Refresh Rate Handling - 23.976 Hz Works!

Readers following our HTPC reviews know by now that Intel's 23 Hz issue was left unresolved in Ivy Bridge. It is definitely better than the Clarkdale days, as users no longer get 24 Hz when setting the display refresh rate to 23 Hz (23.976 Hz intended). However, the accuracy is not enough to prevent a frame drop every 4 minutes or so (the 23 Hz setting results in a display refresh rate of 23.972 Hz in Ivy Bridge). One of the first things I checked after building the Haswell HTPC was the 23 Hz setting. The good news is that the display refresh rate accuracy is excellent.

Even better news is that the set of display refresh rates obtained with the Haswell system is more accurate than anything I had obtained before with AMD or NVIDIA cards. The gallery below presents some of the other refresh rates that we tested out. madVR reports frame drops / repeats only once every 6 hours or more in the quiescent state.

Unfortunately, Intel still doesn't provide a way to easily configure custom resolutions (in fact, the latest driver release seems to have removed that option completely. Update: A reader pointed out that the feature is still available as CustomModeApp.exe in the drivers folder, but long time users still miss access to it from the main control panel). I know for a fact that my Sony display (KDL46EX720) does support 25 Hz and 50 Hz refresh rates, but Intel doesn't allow those to be configured. We are willing to cut Intel some slack this time around because they have finally resolved a bug that was reported way back in 2008.

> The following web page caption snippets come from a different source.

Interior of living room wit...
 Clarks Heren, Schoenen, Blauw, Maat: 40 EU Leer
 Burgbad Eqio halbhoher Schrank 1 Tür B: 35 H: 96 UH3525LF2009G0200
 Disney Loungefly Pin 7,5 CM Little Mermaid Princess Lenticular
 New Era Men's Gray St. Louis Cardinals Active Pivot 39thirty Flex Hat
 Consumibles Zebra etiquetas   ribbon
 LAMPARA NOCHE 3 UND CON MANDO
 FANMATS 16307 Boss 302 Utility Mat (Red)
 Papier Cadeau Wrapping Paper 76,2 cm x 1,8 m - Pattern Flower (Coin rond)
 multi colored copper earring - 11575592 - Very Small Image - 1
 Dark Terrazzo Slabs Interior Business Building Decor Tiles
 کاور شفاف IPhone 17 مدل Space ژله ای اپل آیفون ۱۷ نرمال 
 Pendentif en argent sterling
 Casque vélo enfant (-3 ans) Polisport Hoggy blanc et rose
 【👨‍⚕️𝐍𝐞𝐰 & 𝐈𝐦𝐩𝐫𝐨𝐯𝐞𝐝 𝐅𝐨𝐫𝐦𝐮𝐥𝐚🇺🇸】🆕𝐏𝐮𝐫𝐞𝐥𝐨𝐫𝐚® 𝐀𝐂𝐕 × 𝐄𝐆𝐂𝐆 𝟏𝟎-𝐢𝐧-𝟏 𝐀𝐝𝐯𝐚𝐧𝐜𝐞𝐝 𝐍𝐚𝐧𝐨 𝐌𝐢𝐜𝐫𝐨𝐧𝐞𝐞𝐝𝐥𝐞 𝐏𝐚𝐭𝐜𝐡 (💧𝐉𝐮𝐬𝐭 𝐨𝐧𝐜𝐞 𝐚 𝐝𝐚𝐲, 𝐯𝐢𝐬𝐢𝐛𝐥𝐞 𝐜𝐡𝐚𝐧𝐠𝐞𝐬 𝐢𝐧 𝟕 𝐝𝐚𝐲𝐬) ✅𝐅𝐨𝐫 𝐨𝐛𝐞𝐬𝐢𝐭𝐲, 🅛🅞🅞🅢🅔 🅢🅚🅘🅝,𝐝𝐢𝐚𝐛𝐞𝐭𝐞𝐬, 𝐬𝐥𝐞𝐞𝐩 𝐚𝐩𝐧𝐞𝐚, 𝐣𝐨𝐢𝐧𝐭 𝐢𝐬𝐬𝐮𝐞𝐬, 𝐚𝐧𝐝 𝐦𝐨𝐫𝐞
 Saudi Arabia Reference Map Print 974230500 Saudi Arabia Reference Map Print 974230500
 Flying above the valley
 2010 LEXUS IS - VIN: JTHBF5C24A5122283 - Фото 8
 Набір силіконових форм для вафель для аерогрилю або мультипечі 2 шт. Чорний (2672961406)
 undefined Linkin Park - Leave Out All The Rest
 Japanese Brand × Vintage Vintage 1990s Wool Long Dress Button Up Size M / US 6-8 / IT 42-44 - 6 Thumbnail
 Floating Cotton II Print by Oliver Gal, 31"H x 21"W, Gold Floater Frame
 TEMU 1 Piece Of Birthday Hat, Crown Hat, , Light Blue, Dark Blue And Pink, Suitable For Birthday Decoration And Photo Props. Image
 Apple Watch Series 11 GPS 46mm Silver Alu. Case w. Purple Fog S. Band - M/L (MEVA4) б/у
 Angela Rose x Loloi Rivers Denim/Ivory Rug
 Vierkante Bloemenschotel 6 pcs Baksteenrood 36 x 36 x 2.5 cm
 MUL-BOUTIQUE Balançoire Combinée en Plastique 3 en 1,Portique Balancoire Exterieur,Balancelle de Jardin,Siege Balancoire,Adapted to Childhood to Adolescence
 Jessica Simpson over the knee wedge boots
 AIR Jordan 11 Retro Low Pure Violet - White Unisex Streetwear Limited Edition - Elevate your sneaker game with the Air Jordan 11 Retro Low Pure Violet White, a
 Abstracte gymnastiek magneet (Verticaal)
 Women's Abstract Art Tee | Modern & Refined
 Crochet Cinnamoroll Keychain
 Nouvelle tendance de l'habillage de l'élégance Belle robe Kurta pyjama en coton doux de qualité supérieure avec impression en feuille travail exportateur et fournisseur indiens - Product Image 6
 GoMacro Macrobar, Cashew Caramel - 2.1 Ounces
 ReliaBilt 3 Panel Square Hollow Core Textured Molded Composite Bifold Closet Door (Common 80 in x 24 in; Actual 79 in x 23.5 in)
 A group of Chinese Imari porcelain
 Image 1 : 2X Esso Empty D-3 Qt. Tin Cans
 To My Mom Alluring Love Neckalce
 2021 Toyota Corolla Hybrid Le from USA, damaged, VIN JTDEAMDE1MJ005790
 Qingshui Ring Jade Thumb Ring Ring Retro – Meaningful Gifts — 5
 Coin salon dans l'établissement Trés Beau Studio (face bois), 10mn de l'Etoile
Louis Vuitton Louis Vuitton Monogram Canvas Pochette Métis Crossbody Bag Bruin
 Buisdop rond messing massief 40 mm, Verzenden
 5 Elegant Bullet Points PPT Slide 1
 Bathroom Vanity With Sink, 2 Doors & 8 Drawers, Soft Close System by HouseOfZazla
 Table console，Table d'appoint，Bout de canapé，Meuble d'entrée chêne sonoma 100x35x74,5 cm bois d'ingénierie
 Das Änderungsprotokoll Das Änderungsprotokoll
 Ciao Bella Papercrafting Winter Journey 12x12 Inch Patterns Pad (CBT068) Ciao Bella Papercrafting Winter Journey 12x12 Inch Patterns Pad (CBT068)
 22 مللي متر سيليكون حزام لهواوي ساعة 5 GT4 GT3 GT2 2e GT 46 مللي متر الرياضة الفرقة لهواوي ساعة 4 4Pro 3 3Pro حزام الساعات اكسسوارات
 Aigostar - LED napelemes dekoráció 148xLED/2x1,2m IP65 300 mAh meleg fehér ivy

Video Post Processing and HTPC Configuration Options Decoding and Rendering Benchmarks
POST A COMMENT

94 Comments

View All Comments

  • mindbomb - Sunday, June 02, 2013 - link

    The current version of madvr does support dxva native actually. Reply
  • gevorg - Sunday, June 02, 2013 - link

    The near $300 price of i7-4765T is extremely price prohibitive for HTPC use. Majority of users will find AMD's Trinity APUs to be perfect for HTPC job.

    Also, unless Intel handicapped it, you should be able to downclock any i7 Haswell CPU to be near i7-4765T speed/TDP. This is possible with Sandy Bridge and Ivy Bridge chips.
    Reply
  • meacupla - Sunday, June 02, 2013 - link

    the only problem with trinity is the rather limited choice of mITX mobos and rather high power consumption and thermal output, which makes them not ideal for compact HTPCs...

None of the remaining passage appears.